When unsure about what one is dealing with, promissory note or mortgage note, it is always best to consult with a professional.

15 Keys to Increasing the Value of the Mortgage Note

Although I have been in the business of buying mortgages for over 20 years, there are some questions that are more commonly asked than others. One of the most notable is, what are some of the essential keys to increasing the value of my mortgage note? In response to this question, I have compiled the following list that features 15 things that will assist you as the seller with doing just that.

1. You must have High Credit Score

2. Down payment at the time of closing must equal or exceed the present market equity in the property. This is because the amount of the payment will affect the actual value of the loan.
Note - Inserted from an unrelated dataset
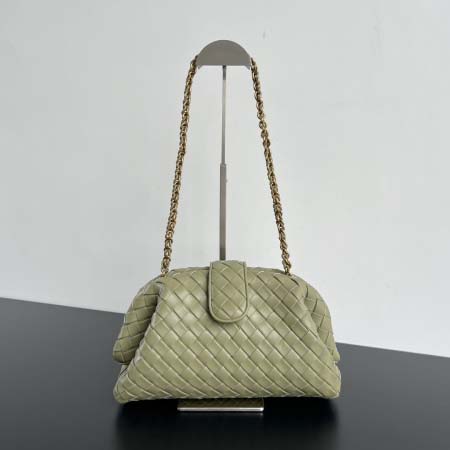 2025年7月7日入荷新作 Bottega Veneta 新...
3. You must have a good payment history (past 12 months).

4. Your seasoning of the mortgage note is important. For instance, the more payments received since its origination will make the mortgage more valuable.

5. Certain geographical Location affects the value, makes it more or less saleable.

6. Appraisal value of the mortgage holder’s property.

7. Curb Appeal

8. Interest rates affects value. In general, the higher the rate the better.

9. Length of terms. Generally, if the person has lesser time to pay, they will receive more money in the sale.

10. Depending on the situation, balloon payments can affect the loan negatively. Which means, if the payer cannot meet the terms of the loan payment, it decrease its value instead of impacting it positively.

11. Good Record keeping. Person must keep good records of payments including deposits, cancelled checks of payments and the like.

12. Note amount. Typically, buyers are looking for an amount that ranges from $50,000 to $500,000.

13. Property Type. The type of property makes a significance difference. Buyers lean more toward single family and owner occupied dwellings.

14. Documentation Type. As new regulations take effect, the document type has become more important over time.

15. Seller must be willing to share relevant data with the seller. The value of the mortgage increases when the seller makes all relevant information readily available to the buyer so that they can make an informed decision (i.e. promissory note, payment records, settlement statements, old title policies, declaration page of home owners insurance, and anything else that can assist them with making a decision to buy).
With this being said, when you review this list, you may want to start by choosing at least 5 Factors That Can Make Your Mortgage Note More Valuable. By focusing on ensuring the first 5 factors meet these criterion, you can make sure that all 15 keys are strategically taken care of within a specified period of tim0

6 Things to Look for in Mortgage Note Buyers

When a seller of a property has chosen owner financing to supplement their income and avoid the traditional selling of property via banking institutions, sometimes they find it time to sell their mortgage note and receive cash in full. This is where note investors or note buyers will step in on the open market and buy your note from you, essentially taking over your future payments from buyers in return for giving you a lump sum of cash. This releases you as the owner financier and frees you from the property while cashing in on your asset.
Have you felt overwhelmed at the prospect of finding and selecting the right mortgage note buyer? It seems like there are so many willing to buy, but the myriad of options to choose from do not make it easy to choose the fairest and most experienced mortgage note buyers.
Below is a handy guide of 6 things to look for in mortgage note buyers. This will help you narrow down your search of potential note buyers and give you a better start, and more confidence, in selling your note at a price that is fair to you.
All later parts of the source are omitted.